Rosemary: development status


The final piece of the Android decompilation/static analysis puzzle is native reverse engineering. After completing the decompilation of the Java/dex parts, I decided to challenge myself with the decompilation and static analysis of the native parts, and I gave this native part a different name: rosemary.

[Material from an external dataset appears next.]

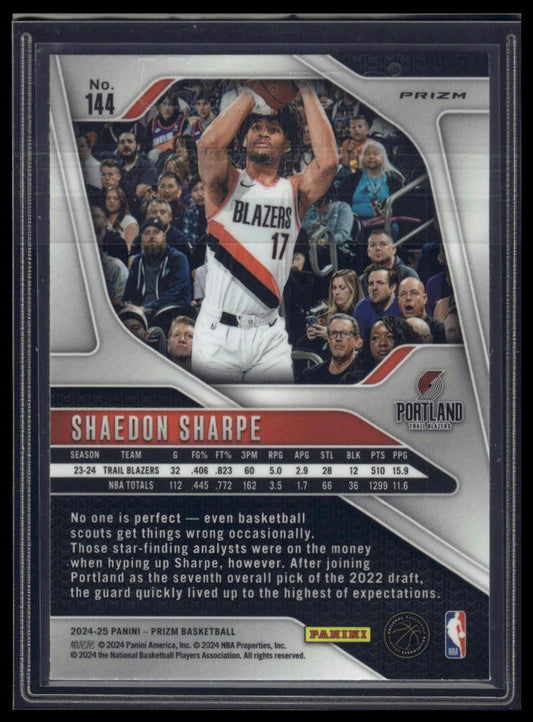 2024-25 Panini Prizm #144 Shaedon Sharpe Prizms Pulsar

For static analysis tools, the decoder is the most difficult part. It’s not that writing the decoder is difficult, but rather the massive number of decoding rules.

The phase of rosemary’s decoder has been completed. I completed the following in the decoder.

1. A64/A32/T32 decoder

I wrote a ruby dsl to describe arm assembly, rather than dsl, it’s more like data. thanks the format and grammar tag, its save lots of debug time.

{
    param: '24:0,23:0,22:0,21:0,20:0', 
    name: 'and', 
    format: 'r%d, r%d, #0x%x', 
    grammar: 'AND{<c>}{<q>} {<Rd>,} <Rn>, #<const>', 
    ops: '8:4,16:4,f:fm', condition: true,
    ops_desc: [
        { t: :r_r, v: '8:4' }, { t: :r_r, v: '16:4' }, { t: :imm, v: 'f:fm' }
    ],
    df: { def: [0], use: [1] } 
},
{
    param: '24:0,23:0,22:0,21:0,20:1|11:1,10:1,9:1,8:1', 
    name: 'ands', format: 'r%d, r%d, #0x%x', 
    grammar: 'ANDS{<c>}{<q>} {<Rd>,} <Rn>, #<const>', 
    ops: '8:4,16:4,f:fm', condition: true,
    ops_desc: [
        { t: :r_r, v: '8:4' }, { t: :r_r, v: '16:4' }, { t: :imm, v: 'f:fm' }
    ],
    df: { def: [0, :n, :z], use: [1] }
},
{
    param: '24:0,21:0,22:0,20:0', 
  	name: 'str', 
  	format: 'r%d, [r%d], #%s0x%x', 
  	grammar: 'STR{<c>}{<q>} <Rt>, [<Rn>], #{+/-}<imm>', 
  	ops: '12:4,16:4,f:f0,0:12', 
  	condition: true,
    ops_desc: [
        { t: :r_r, v: '12:4' }, 
        { 
            t: :mem, 
            op: MemOp::W, 
            mode: MemMode::POST_IDX, 
            base_reg: :r_r, v: '16:4', 
            offset: { t: :imm, v: '0:12', pos_neg: 'f:f0', hex: true } 
        }
    ],
    df: { use: [0] }
},

For the ARM A architecture, DDI0487_M_a_a_a-profile_architecture_reference_manual.pdf contains approximately 5600 instruction codes.

These instructions have been described using a DSL in this data format.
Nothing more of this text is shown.